Italian drawings, participants to be featured on virtual panel
The Cornell Fine Arts Museum (CFAM) is displaying a student-curated exhibit that showcases drawings by Italian art masters. Drawing Connections: Inside the Minds of Italian Masters is on display from Feb. 2 – May 9 and is curated entirely by students.
Students of the art history major taking the Museum Practicum course designed the exhibit under the guidance of their professor, Dr. Kimberly Dennis. The artworks are on loan from the home collection of John Mica, a supporter of the museum. The exhibit ranges from 16th to 19th-century works, all originating from Italy.
The art featured in the show includes artists like Michelangelo, Raphael, and Guido Greene.
Students were able to write the extended labels–explanatory paragraphs that give insight into artworks–for the exhibit. They also designed the exhibit’s layout, choosing titles, subheadings, fonts, and wall colors.
Konnor Ross (‘21), art history major, is one the curators of the exhibit.
“We worked on didactics and decided together our organization of the drawings and the overall narrative of our exhibition,” said Ross.
The Italian artists used drawings as blueprints to study subjects such as the body, architecture, and more. The importance of highlighting drawings is to show an audience, who may not have prior knowledge of the piece, the process of creating works like paintings, architecture, and sculptures.

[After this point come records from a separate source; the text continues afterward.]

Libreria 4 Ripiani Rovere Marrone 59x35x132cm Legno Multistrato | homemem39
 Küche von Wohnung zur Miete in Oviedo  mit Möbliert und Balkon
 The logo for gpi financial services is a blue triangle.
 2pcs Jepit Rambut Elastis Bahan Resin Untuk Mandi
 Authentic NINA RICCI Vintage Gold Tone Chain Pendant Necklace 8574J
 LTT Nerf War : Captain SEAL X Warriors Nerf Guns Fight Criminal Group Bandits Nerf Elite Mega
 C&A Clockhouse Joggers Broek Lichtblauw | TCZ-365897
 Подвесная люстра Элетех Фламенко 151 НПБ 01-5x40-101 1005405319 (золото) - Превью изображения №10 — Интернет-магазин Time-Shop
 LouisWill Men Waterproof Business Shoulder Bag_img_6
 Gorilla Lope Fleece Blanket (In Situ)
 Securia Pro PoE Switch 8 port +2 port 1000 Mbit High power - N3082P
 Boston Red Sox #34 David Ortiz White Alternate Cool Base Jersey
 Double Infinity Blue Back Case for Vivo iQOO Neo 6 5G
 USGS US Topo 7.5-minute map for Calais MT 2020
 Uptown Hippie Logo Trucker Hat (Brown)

“The birth of a lot of modern techniques used today, like perspective and shading, and the understanding of human anatomy, came from Italian practices of drawing,” said Ross.
The purpose of the course is to teach students museum practices, expose them to museum careers, and introduce them to the factors that go into curating an art exhibit.
Each student chose one art piece to focus and perform original research on. Throughout the semester, the students discussed their pieces and compared them to one another. They also had to write a condition report on their drawings, keeping track of the physical condition and structure of the work.
“The curation process is a lot of research and writing, but it also involves making decisions about the narrative and the argument of an exhibition, which we got to do together as a class,” said Ross.
On Mar. 19 at 11 a.m., the Drawing Connections: Inside the Minds of Italian Masters exhibition will be featured on a virtual panel on Facebook, and some of the art history majors from Dennis’ 400 level class, Dennis herself, and Dr. Gisela Carbonell will be featured.
The panel will focus on the behind-the-scenes workings of the exhibit, and some of the students will have a chance to share their experiences of curating the exhibition. Reservations to visit the exhibit can be made on CFAM’s Admission website.